Recent research exploiting the tremendous progress in sequencing technologies has generated huge data sets of genetic information that enable large-scale analyses, such as genome-wide association studies (GWAS) to explore genotype–phenotype relationships. An effort in this direction, to which the MLCB lab contributed, is the sequencing of the genomes of 1,135 naturally inbred lines of the model plant Arabidopsis thaliana, and the subsequent establishment of a high quality reference genome panel (The 1001 Genomes Consortium, 2016). Our lab was also at the forefront of establishing AraPheno, a public database that allows to easily submit, download and visualize phenotypic data for Arabidopsis thaliana (Seren et al., 2016). Our current work aims at bringing both genetic and phenotypic data together in one advanced online platform for performing genome-wide association studies: easyGWAS.

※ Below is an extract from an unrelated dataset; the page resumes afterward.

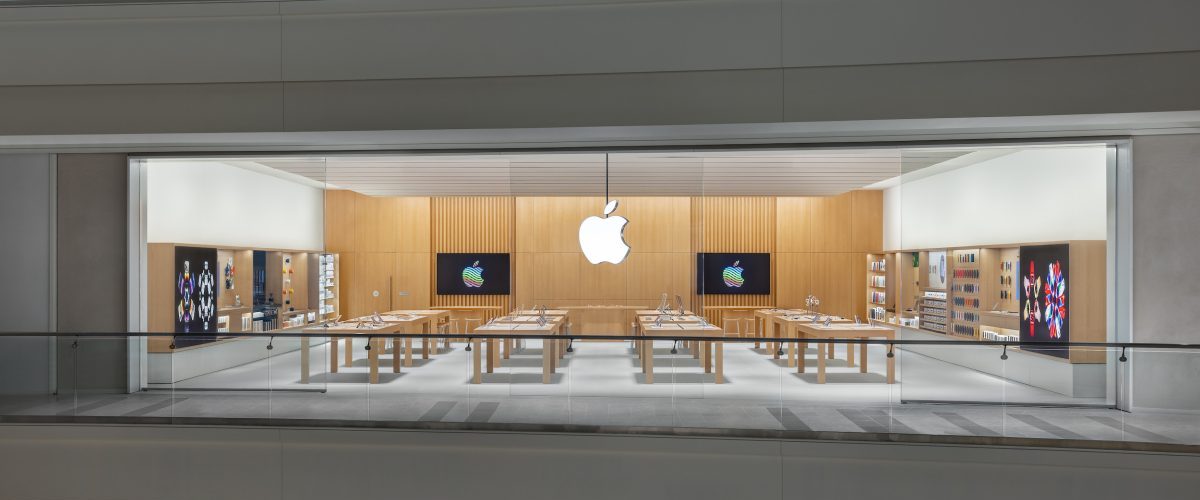 Apple opens new retail store in massive American Dream mall – except on Sundays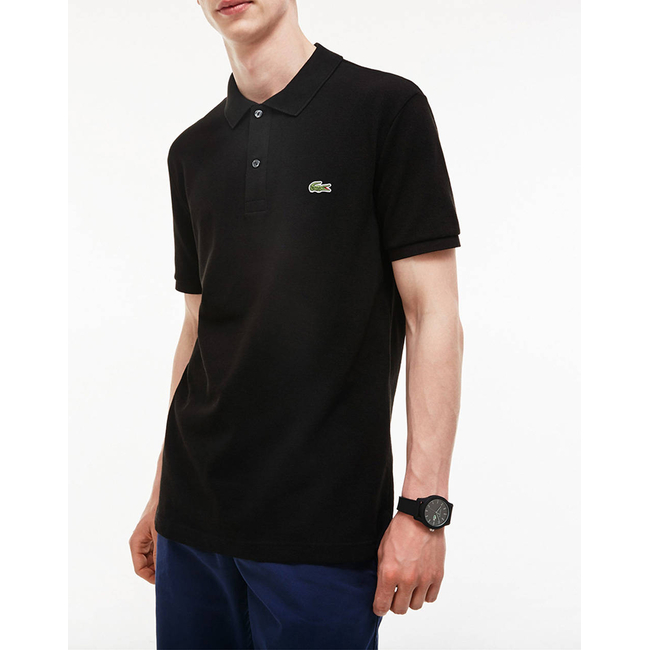 Product LACOSTE  ΜΠΛΟΥΖΑ ΚΜ POLO SS base image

In biological and healthcare data, researchers are facing extremely high-dimensional representations of samples, from patients to bacteria. When linking these high-dimensional representations to phenotypes, multiple testing correction is of the utmost importance for practitioners. Due to the large number of dimensions, however, multiple testing correcting is computationally challenging and prone to losing all detection power. We present a first approach for finding significant feature combinations, that properly corrects for multiple testing and at the same time allows to account for categorical covariates such as age or gender of individuals (Papaxanthos et al., 2016).
Main publications 2016
- Papaxanthos L*, Llinares-López F*, Bodenham D, Borgwardt K. Finding significant combinations of features in the presence of categorical covariates. Accepted at NIPS 2016, in press. (*=equal contributions)
- Seren Ü*, Grimm D*, et al., Borgwardt K, Korte A. AraPheno: a public database for Arabidopsis thaliana phenotypes. Nucleic Acids Research, doi: 10.1093/nar/gkw986, 2016. (*=equal contributions)
- The 1001 Genomes Consortium. 1,135 genomes reveal the global pattern of polymorphism in Arabidopsis thaliana. Cell 2016;166(2):481-491.